POJOKNEGERI.COM, SAMARINDA - Kawasan Hutan Dengan Tujuan Khusus (KHDTK) yang terletak di Kelurahan Lempake, Kecamatan Samarinda Utara, kini berada dalam kondisi kritis usai dirambah oleh aktivitas tambang ilegal.
Anggota DPRD Kaltim, Sarkowi V Zahry—yang juga menjabat sebagai Ketua Ikatan Alumni Fakultas Kehutanan Universitas Mulawarman (Unmul)—turun langsung ke lokasi bersama Komisi IV DPRD.
Ia mengaku geram atas ulah perusahaan tambang yang merusak kawasan tersebut tanpa izin.
Menurut informasi yang diperoleh, setidaknya ada pembukaan lahan seluas 3,26 hektare yang diduga kuat dilakukan di luar wilayah konsesi oleh perusahaan tambang yang beroperasi berdampingan dengan KHDTK.
Tiga perusahaan yang disebut terlibat dalam aktivitas ini antara lain KSU Putra Mahakam Mandiri, PT Cahaya Energi Mandiri (CEM), dan CV Bismillah.
Sarkowi menegaskan bahwa tindakan tersebut merupakan pelanggaran serius terhadap Undang-Undang Nomor 3 Tahun 2020 tentang Pertambangan Mineral dan Batubara, serta UU Nomor 32 Tahun 2009 tentang Perlindungan dan Pengelolaan Lingkungan Hidup.

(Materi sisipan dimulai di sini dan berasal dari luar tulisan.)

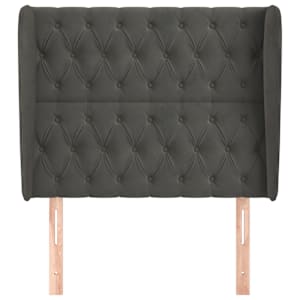 Čelo postele typu ušák tmavě šedé 103x23x118/128 cm samet - obrázek 3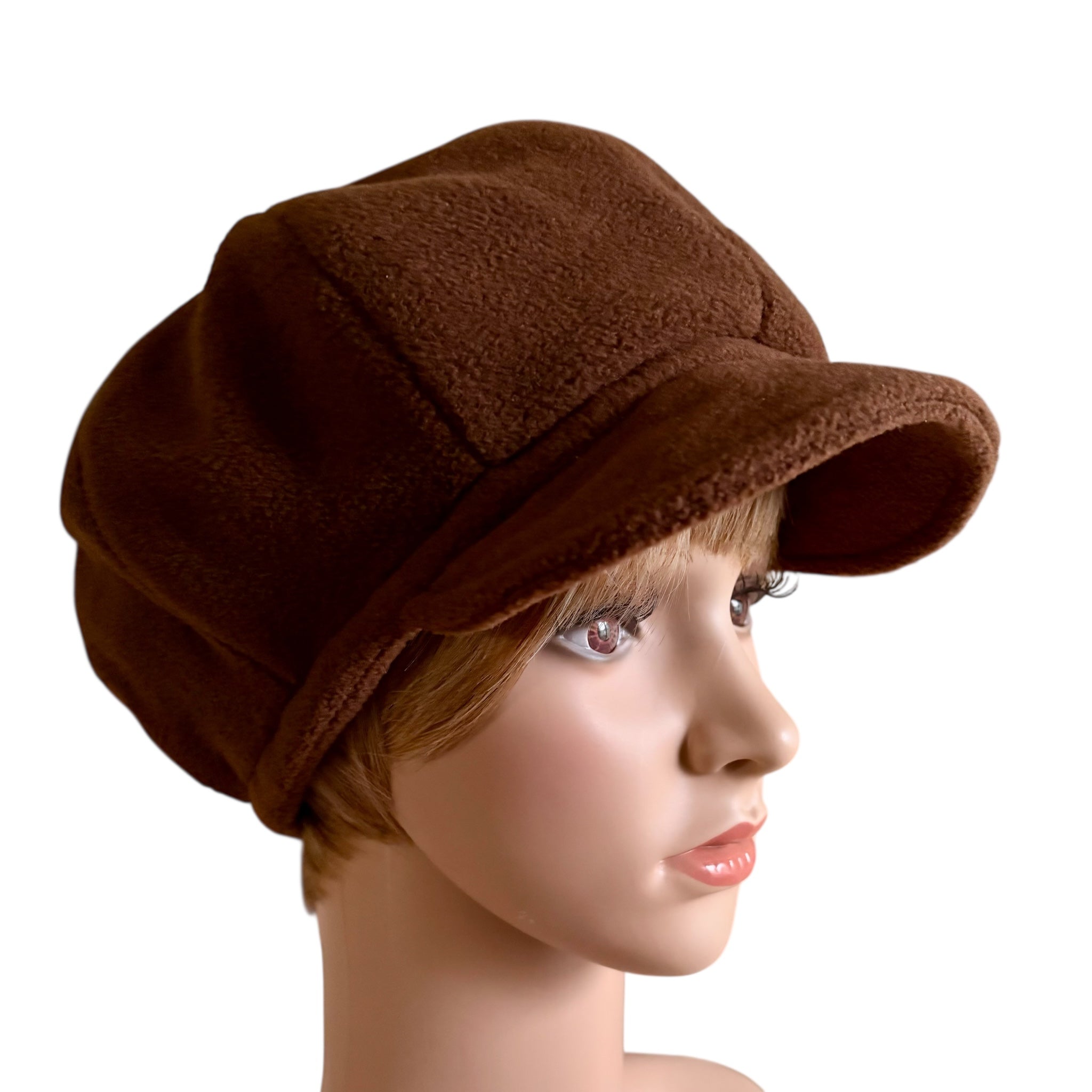 Brown Fleece Newsboy Cap WH030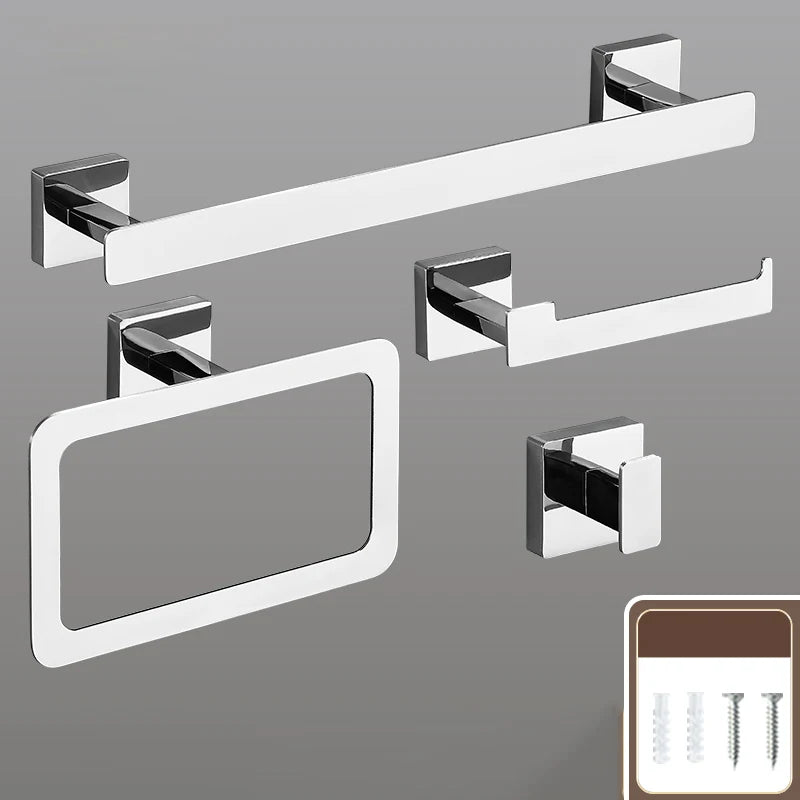 Matte Black Bathroom Accessories Set Wall Mount Towel Bar Towel Ring Roll Paper Holder Robe Hook Stainless Steel Hardware Set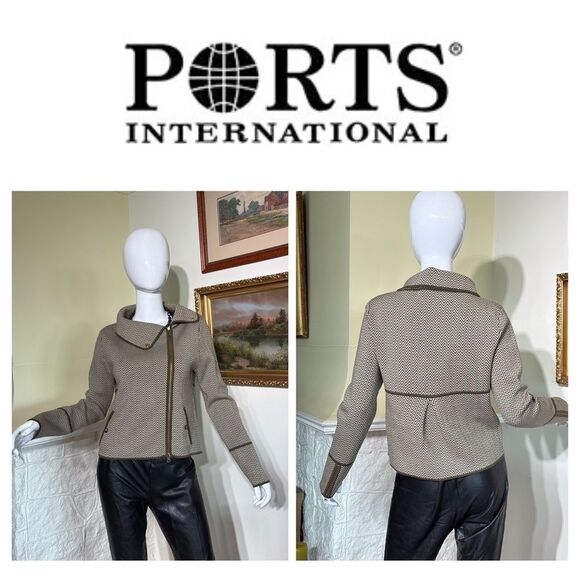 Ports International 100% Merino Wool Herringbone Moto Style Zipped Jacket - Picture 1 of 17
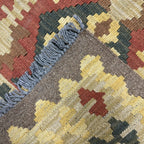 183 x 60 cm Hand-Woven Afghan Kilim Runner Rug – Wool Flatweave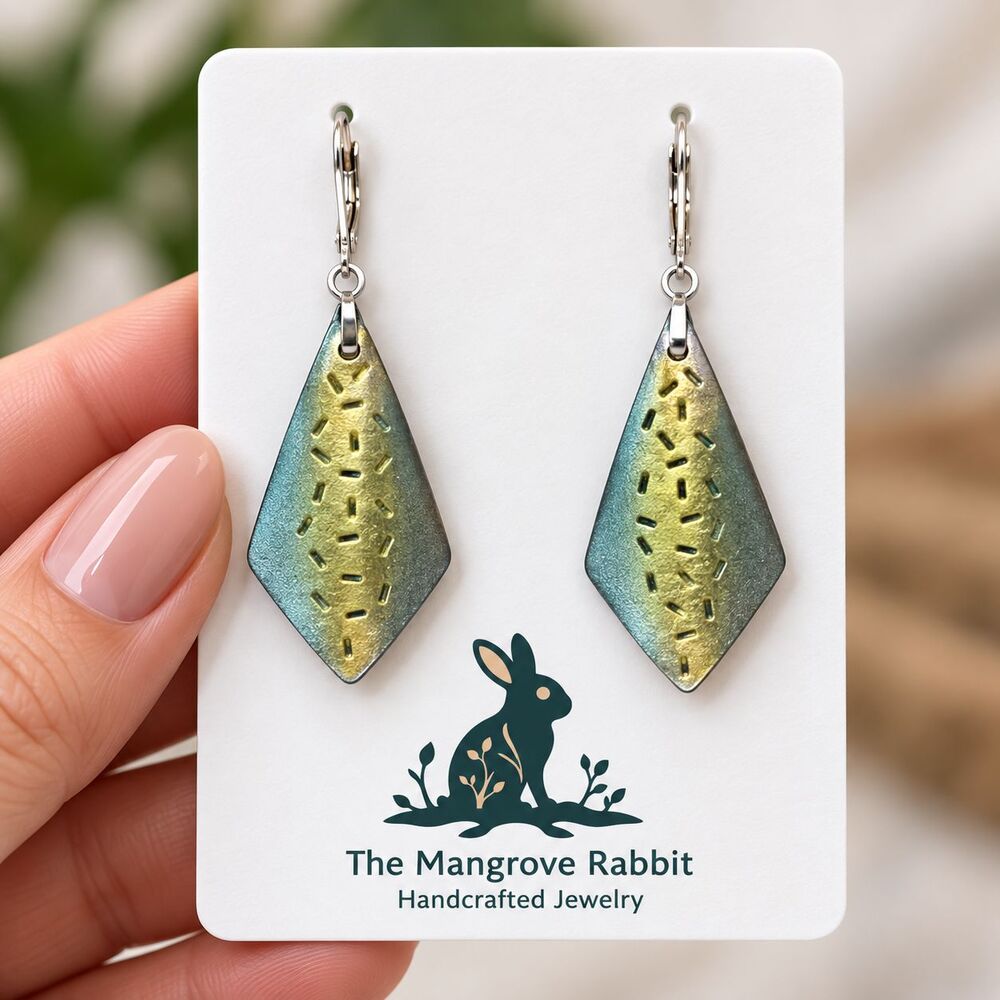 Handmade Silver & Gold Metallic Polymer Clay Statement Dangle Earrings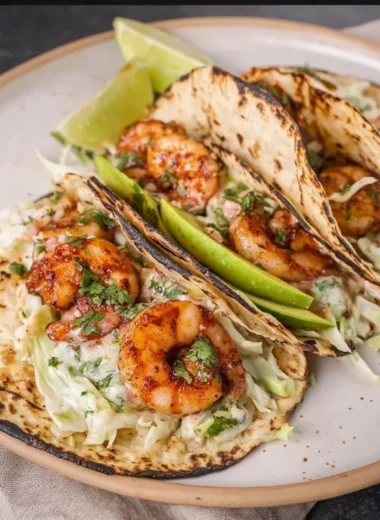 Cilantro Lime Shrimp Tacos with creamy slaw served on a plate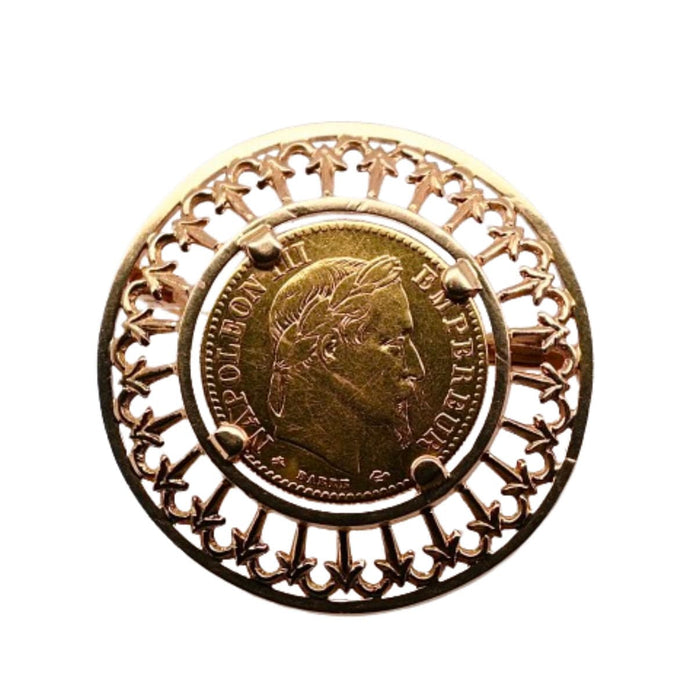 Broche Broche en Or 24 Carats Montée sur Dix Francs Napoléon III 58 Facettes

“Kalau sudah masuk sampai tiga hektare, itu jelas bukan tidak sengaja. Ada unsur kesengajaan, dan itu bisa dijerat dengan pasal berlapis. Kami akan dorong agar kasus ini diproses secara pidana maupun perdata,” tegasnya saat ditemui pada Rabu (16/4/2025).
DPRD Kaltim pun berencana menggelar rapat lintas komisi, menghadirkan berbagai pihak terkait seperti Unmul, Balai Gakkum KLHK Wilayah Kalimantan, Polda Kaltim, Dinas Kehutanan, Dinas Lingkungan Hidup Kota dan Provinsi, serta Dinas ESDM.
Tujuannya agar penanganan kasus perambahan KHDTK ini tidak berlarut-larut dan mendapat perhatian serius dari seluruh pemangku kepentingan.
Sarkowi juga berharap kasus ini menjadi peringatan keras bagi kawasan KHDTK lainnya yang kerap diabaikan.
“Hutan itu harusnya memberi manfaat untuk masyarakat, bukan malah dirusak seperti ini. Menteri Kehutanan pun seharusnya turun tangan langsung dalam masalah ini,” ujarnya.
Lebih lanjut, Sarkowi juga menyoroti dampak lingkungan dari aktivitas tambang ilegal tersebut, terutama terkait bekas galian yang memunculkan air dengan tingkat keasaman tinggi (pH 3,5–4), mengandung zat berbahaya seperti besi dan timbal.
Kondisi ini berpotensi mencemari kawasan konservasi sekitar, merusak kualitas air, dan mengancam pertanian serta kehidupan masyarakat di sekitar KHDTK.
Parahnya lagi, penambang dilaporkan telah menebang berbagai jenis pohon bernilai tinggi seperti ulin, keruing, dan meranti.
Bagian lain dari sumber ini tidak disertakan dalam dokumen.